The answer should be an exact repeat of the stretch of material below from the line containing "thumbnail image 2" through the line containing "Women's Boots Workers".

Input material:

——

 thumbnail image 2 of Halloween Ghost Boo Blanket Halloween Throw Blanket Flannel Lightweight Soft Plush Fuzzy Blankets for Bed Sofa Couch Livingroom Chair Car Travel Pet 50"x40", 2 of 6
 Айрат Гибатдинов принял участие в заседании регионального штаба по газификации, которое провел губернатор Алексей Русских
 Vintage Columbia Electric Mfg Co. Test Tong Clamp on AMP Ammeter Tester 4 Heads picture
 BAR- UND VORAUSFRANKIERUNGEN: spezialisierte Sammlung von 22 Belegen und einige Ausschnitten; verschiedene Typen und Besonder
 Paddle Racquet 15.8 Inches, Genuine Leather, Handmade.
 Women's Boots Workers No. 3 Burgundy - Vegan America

——

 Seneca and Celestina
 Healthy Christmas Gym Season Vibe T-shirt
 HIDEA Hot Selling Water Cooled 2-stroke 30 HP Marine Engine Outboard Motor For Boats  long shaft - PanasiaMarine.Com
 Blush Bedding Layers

——

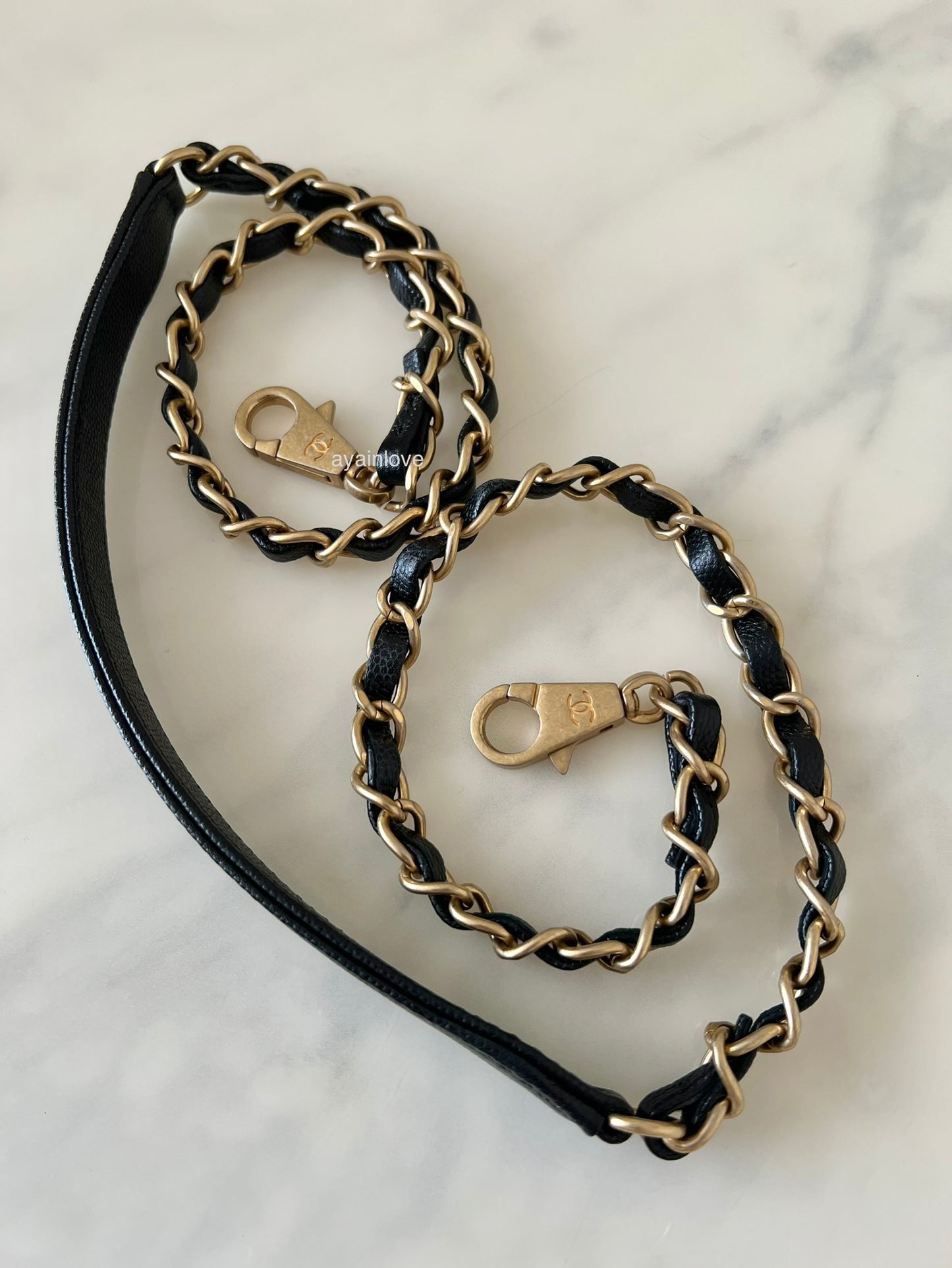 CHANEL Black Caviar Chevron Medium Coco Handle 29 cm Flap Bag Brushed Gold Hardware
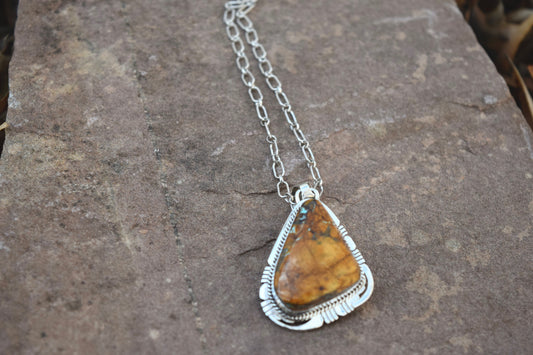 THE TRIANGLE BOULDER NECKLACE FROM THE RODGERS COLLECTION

——

Result:
 thumbnail image 2 of Halloween Ghost Boo Blanket Halloween Throw Blanket Flannel Lightweight Soft Plush Fuzzy Blankets for Bed Sofa Couch Livingroom Chair Car Travel Pet 50"x40", 2 of 6
 Айрат Гибатдинов принял участие в заседании регионального штаба по газификации, которое провел губернатор Алексей Русских
 Vintage Columbia Electric Mfg Co. Test Tong Clamp on AMP Ammeter Tester 4 Heads picture
 BAR- UND VORAUSFRANKIERUNGEN: spezialisierte Sammlung von 22 Belegen und einige Ausschnitten; verschiedene Typen und Besonder
 Paddle Racquet 15.8 Inches, Genuine Leather, Handmade.
 Women's Boots Workers No. 3 Burgundy - Vegan America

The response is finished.